§ DATA SHOWN:
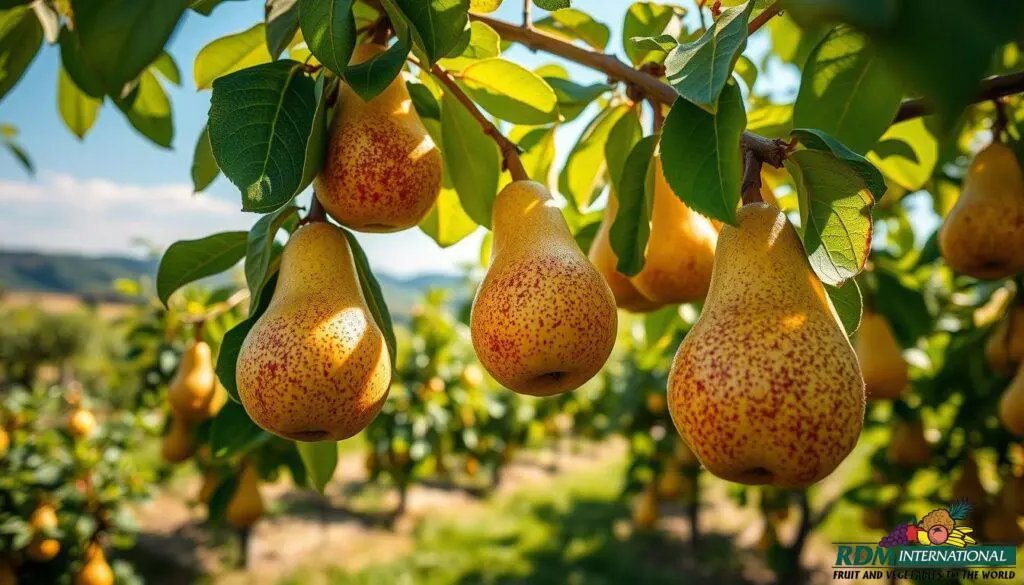 natural fruit natural fruit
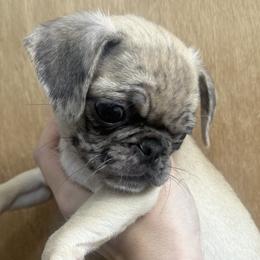 Pugs from Raini's Pugs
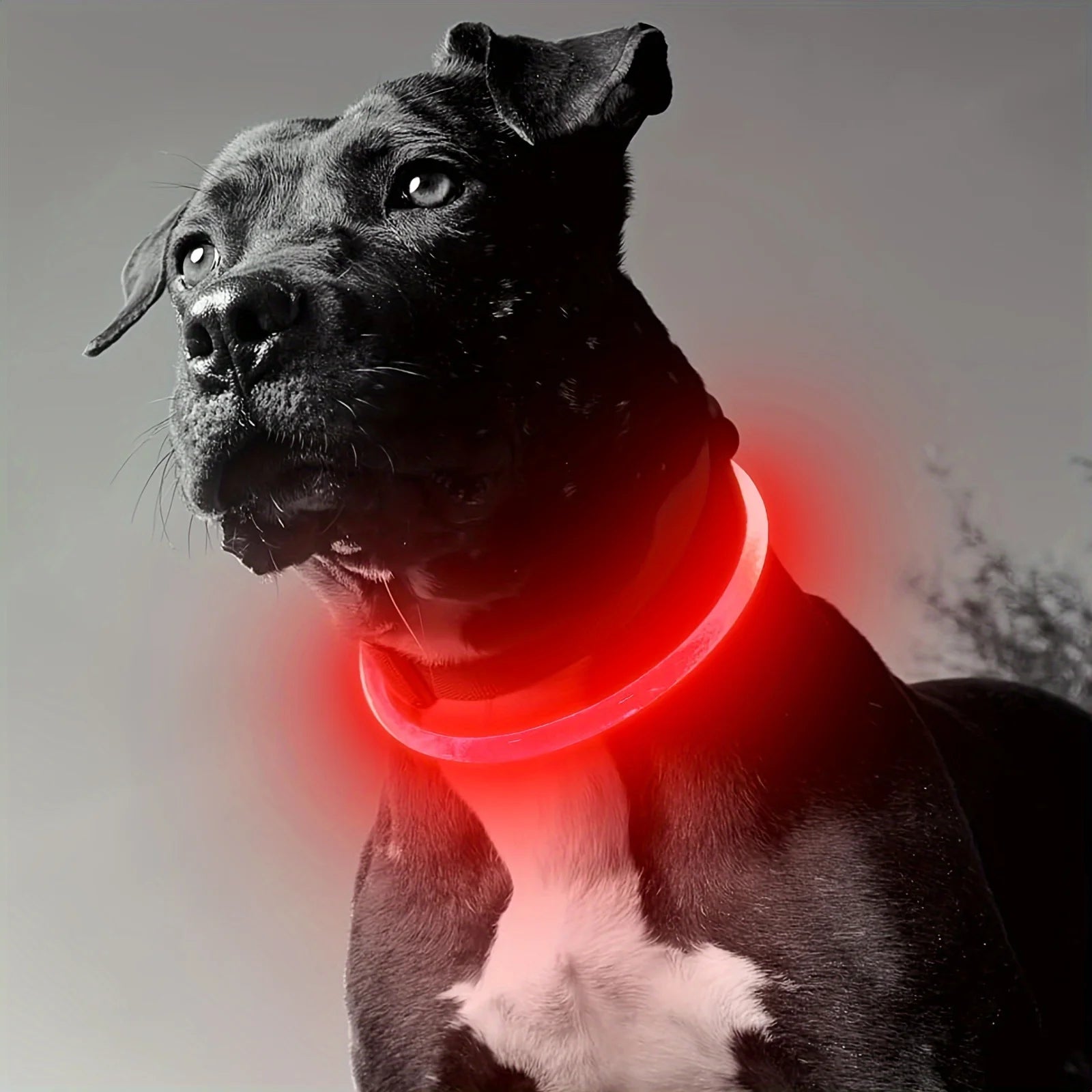 LED Anti-Lost Dog Collar – USB Rechargeable Light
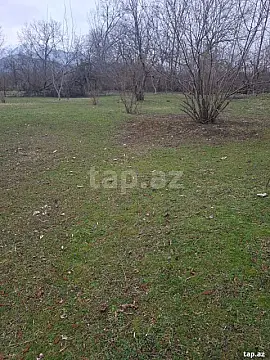 Satılır torpaq sahəsi — Qəbələ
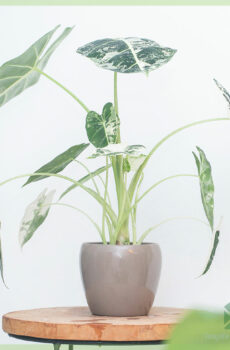 Alocasia Frydek Variegata Divan ostaminen ja hoito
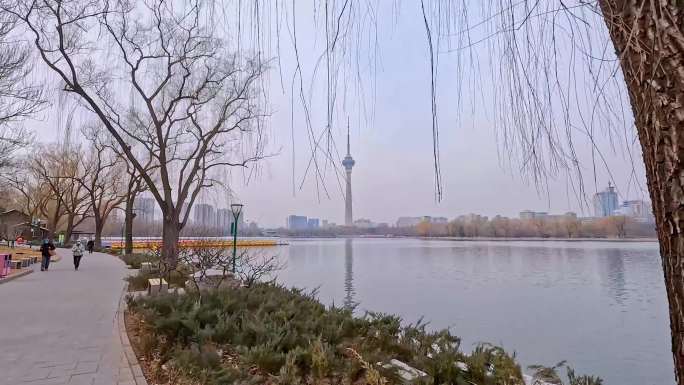 冬日的公园：玉渊潭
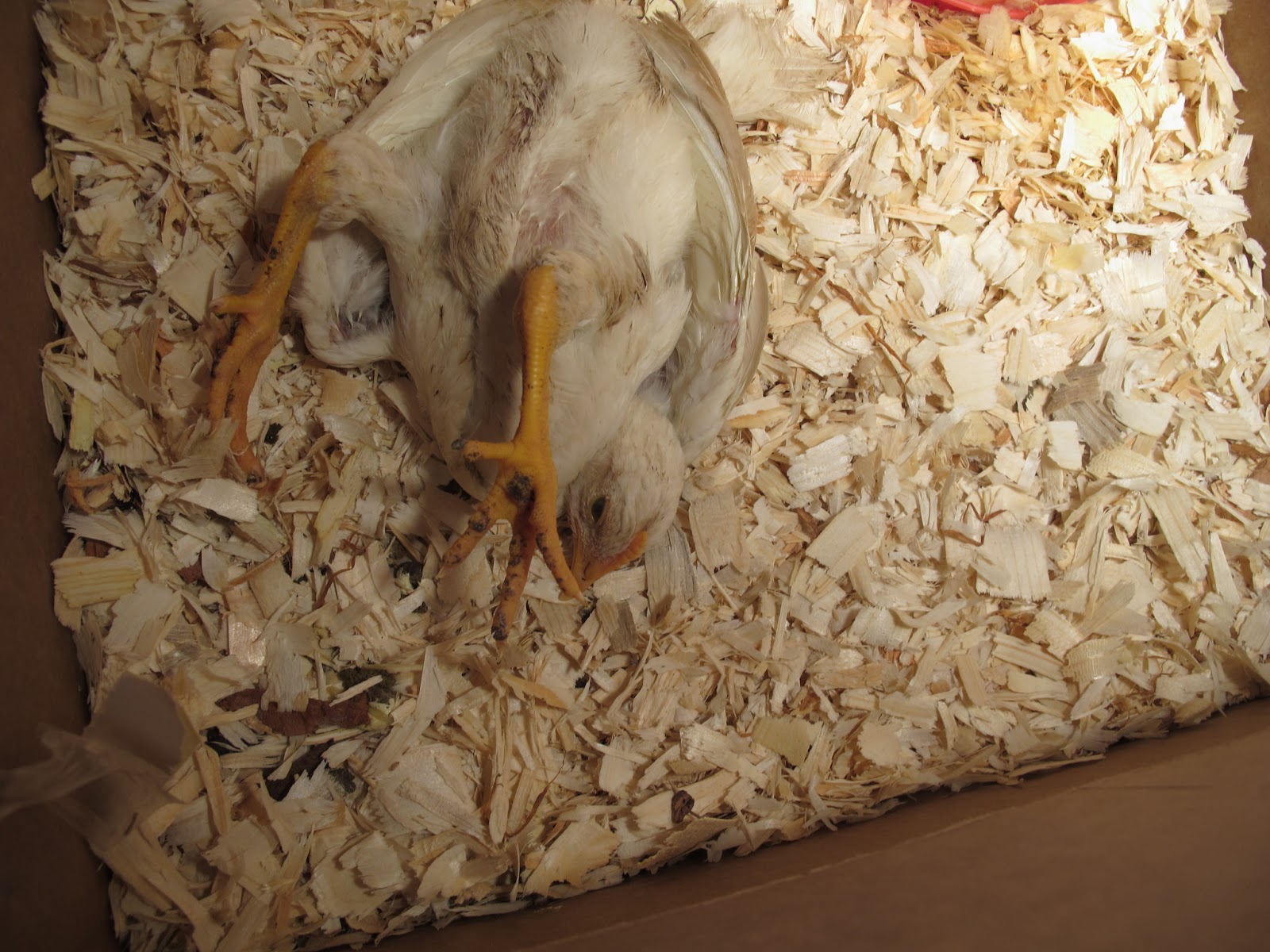 Joe's Garden Journal Chicken Update 5/30/13 Sick Baby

§ EXERCISE AIM:
Lines from the one with "Alocasia Frydek Variegata" through the final line of the records are the whole answer; print them exactly, minus any pictures.

§ RESPONSE TO THE EXERCISE:
 Alocasia Frydek Variegata Divan ostaminen ja hoito
 冬日的公园：玉渊潭
 Joe's Garden Journal Chicken Update 5/30/13 Sick Baby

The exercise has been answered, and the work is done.